Atas dasar keinginan dan keresahan yang dirasakan, BAH (Bring Archive History) dibuat sebagai salah satu solusi untuk memecahkan masalah tersebut. BAH sendiri adalah sebuah wadah yang diperuntukan sebagai arsip beberapa kultur populer yang ada di Palu, Sulawesi Tengah. Kultur tersebut adalah seni musik dan seni visual.
“Kami percaya, dengan adanya wadah ini, generasi selanjutnya bisa terus menikmati ragam karya yang dihasilkan oleh para seniman terdahulu. Dan juga, agar banyak orang di luar sana mengenal dan menyukai karya-karya yang ada.” Jelas Adjust Purwatama selaku founder BAH.

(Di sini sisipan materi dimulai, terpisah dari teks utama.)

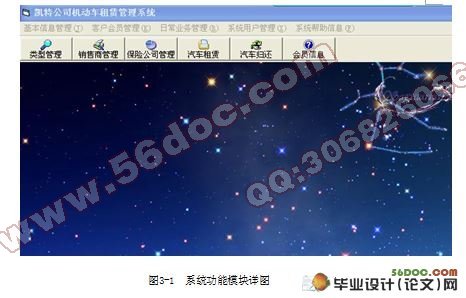 凯特公司机动车租赁管理系统毕业设计(VB,Access)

Tentu saja ini bisa menjadi pemantik agar para seniman yang telah terarsip bisa melebarkan jaringan dan kesempatan mereka dalam menyebarkan karyanya. Selain untuk wadah pengarsipan, BAH juga berfungsi sebagai badan penerbitan, yang akan membuatkan, dan menyebarkan rilisan pers kepada banyak orang. Yang terakhir, BAH juga membuka kesempatan untuk meriliskan berbagai macam merchandise dari para musisi dan perupa. Agar kehidupan pengkaryaan bisa terus berlanjut.
“Website yang kami bangun ini adalah salah satu impian yang akhirnya terwujud. Keinginan untuk mengarsipkan ini sebenarnya sudah lama ada, tapi entah kenapa baru bisa direalisasikan saat ini.” Terang Raynard Batara selaku founder BAH.
Untuk sistem dari divisi Label Merch, BAH menganut sistem bayar royalty di muka. Dan seluruh penjualan akan dilakukan melalui website. Tentu saja ini dilakukan karena melihat banyaknya permasalahan yang terjadi ketika suatu lembaga mengajak musisi untuk berkolaborasi, yang berujung permasalahan akibat hak-hak yang tak terpenuhi. Sistem ini tentu saja untuk memudahkan pihak musisi, karena dengan royalty yang dibayarkan di muka, mereka bisa melanjutkan penciptaan karya yang ada. Dan juga tujuan utamanya adalah BAH ingin menghindari perselisihan yang tak diinginkan di kemudian hari. Band-band yang merchandise-nya aka nada di batch pertama ini adalah; Scarhead Barricade, The Box, Rebel In July, dan The Hauler Rawk. Keempatnya tentu saja memiliki warna musik yang sama sekali berbeda. Sampai di waktu perilisan ini, BAH sudah mengantongi kurang lebih 50 nama untuk sektor musik, dan 10 nama untuk sektor visual.
“Tentu saja perilisan ini hanyalah langkah awal dari keseriusan kami untuk mengarsipkan karya-karya dari teman-teman seniman di Palu. Kami pun masih akan terus berupaya untuk mencari berbagai data dari para seniman yang ada.” Tutup keduanya.